Sytuacji tej nie zmieniła początkowo nawet śmierć Stalina w 1953 r. Ale choć stalinizm potępiono otwarcie dopiero w 1956 r., już co najmniej rok wcześniej Bierut zaczął się obawiać o swoje życie. Wanda Górska była przy nim obecna w 1955 r. Jak wspominała:
„Sierpień 1955 r. towarzysz Bierut spędzał w Nałęczowie. Właśnie w czasie tego urlopu zapadł na grypę. Po powrocie do Warszawy za moją namową i na moją prośbę porozumiano się z władzami radzieckimi, które zaprosiły towarzysza Bieruta do Związku Radzieckiego na kurację. Przebywał w Berwisze. Był strasznie słaby, wyczerpany, ale tam otoczony był troskliwą opieką lekarzy i całego personelu. Przebywał tam dość długo. Nastąpiła lekka poprawa, ale po powrocie do Warszawy znów pogrążył się w pracy, nie bacząc na stan zdrowia, nie oszczędzając się zupełnie. Pewnej nocy, w grudniu tego roku znów zapadł na zdrowiu. Byliśmy w Konstancinie, gdzie miał przydzieloną willę i gdzie wyjeżdżał, gdy był zmęczony. Około 4-ej nad ranem zawiadomił mnie, że czuje się źle i potrzebuje pomocy lekarskiej. Powiedziałam, że zaraz sprowadzę prof. Fejgina, pod którego opieką pozostawał, ale gdy to usłyszał, rozgniewał się i powiedział – nie sprowadzajcie mi tu profesorów, proszę mi sprowadzić pierwszego lekarza z książki telefonicznej”.

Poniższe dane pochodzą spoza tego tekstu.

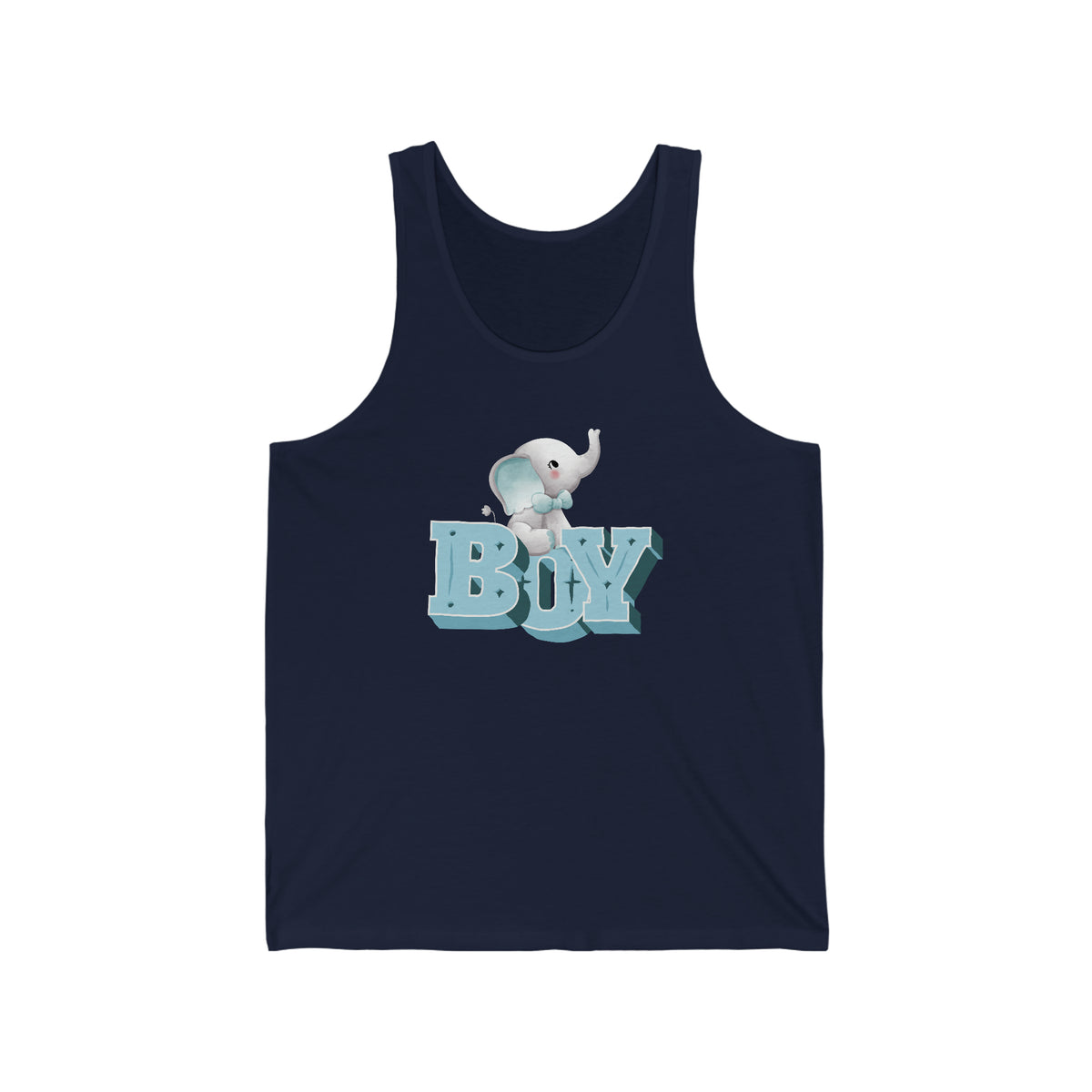 B.O.Y. Tank - Tank - Twisted Jezebel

Mowa tu o Mieczysławie Fejginie, jednym z katów bezpieki, który istotnie z wykształcenia był lekarzem. Nie wiadomo, czy na pewno to on właśnie ostatecznie doprowadził do śmierci Bieruta, ale wydaje się to całkiem prawdopodobne. Tak jak bardziej niż prawdopodobne jest to, że nastąpiło to za zgodą Moskwy pozbywającej się reliktów stalinizmu. Już z relacji Górskiej widać, że Bierut się bał. Potwierdzają to jej dalsze opowieści. Pod koniec lutego 1956 r. mimo złego stanu zdrowia był w Moskwie na XX Zjeździe Komunistycznej Partii Związku Radzieckiego. Czuł się jednak coraz gorzej:
„Pokój zamieniono w salę szpitalną. Kręciło się pełno obcych osób, lekarzy, profesorów. Zadzwoniłam do Warszawy, powiedziałam, że tow. Bierut miał zapaść, że jest źle, że proszę, ażeby przyjechali. Przyjechał Berman i prof. Fejgin, ale nie pokazywali się tow. Bierutowi, nie chcąc go niepokoić. Nie wiedział więc o ich przybyciu do Moskwy”.
Wreszcie notatka z 12 marca 1956 r.: „Tam zastałam już profesorów Markowa i Fejgina. Jeden trzyma rękę, drugi robi jakiś zastrzyk, miny mają skupione. Wreszcie odwracają się, opadają im dosłownie ręce. Chory nie żyje. Była godzina 11 czasu moskiewskiego, czyli 9 rano naszego czasu”.